The Walking Wounded and the Barely Standing

Our squad’s a butcher’s slab of crocks and half-fits. Abdoulaye Doucoure’s back from his derby timeout, ready to run through walls or at least through Fernandes. Dominic Calvert-Lewin’s thigh’s still whispering doubts, Iliman Ndiaye’s knee’s gone AWOL, and Seamus Coleman, Armando Broja, Orel Mangala, and Dwight McNeil are all sipping tea in the physio’s lair. Beto, though—big, beautiful Beto—he’s on a tear, four goals in three games, a wrecking ball with a grin. Carlos Alcaraz, that Flamengo loanee, is threading passes like he’s auditioning for a better postcode. Might be enough.

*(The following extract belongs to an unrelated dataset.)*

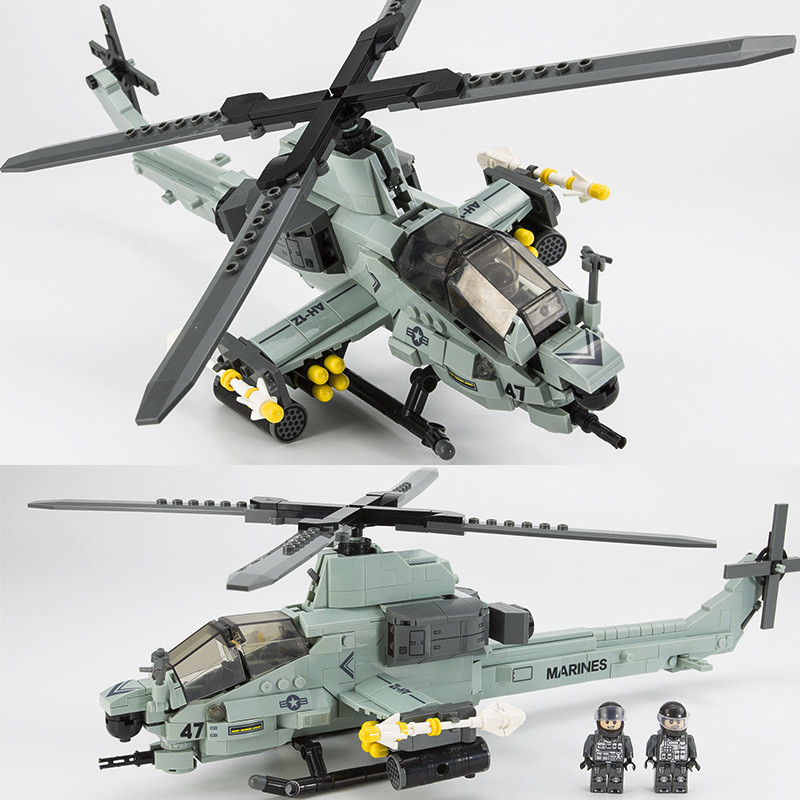 男孩拼裝玩具機重型運輸機容樂高軍事飛武裝直升機兼傑星積木蝰蛇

United? They’re limping too. Ruben Amorim’s got a fistful of maybes—Ugarte, Collyer, Yoro, Eriksen—and a skip full of no-shows: Bayindir, Diallo, Mainoo, Martinez, Evans, Mount, Shaw. Still, Fernandes lurks like a tax bill, and Zirkzee’s got that knack for making you regret blinking. Dangerous, even on crutches.

Moyesy, the Prodigal Son

David Moyes is back, and it’s like he never left. Four wins and a draw in six since he swapped Dyche’s dog-eared playbook for his own tattered hymn sheet – only Villa’s spoiled the party. Facing United, where he once chewed gum and dreamed of mid-table, he’ll be itching to twist the knife. He’s got us digging trenches again, and Goodison’s humming with it. A flicker of the old days, maybe.

United are stuttering, Amorim’s grand plan looks more like a doodle on a beer mat. Beto’s got their patched-up defence sweating, and if Doucoure and Garner can wrestle the middle, we’ve got a shout. Five losses on the spin to this lot says they own us, but history’s just paper—tear it up.

Up the Toffees, you gorgeous, maddening bastards.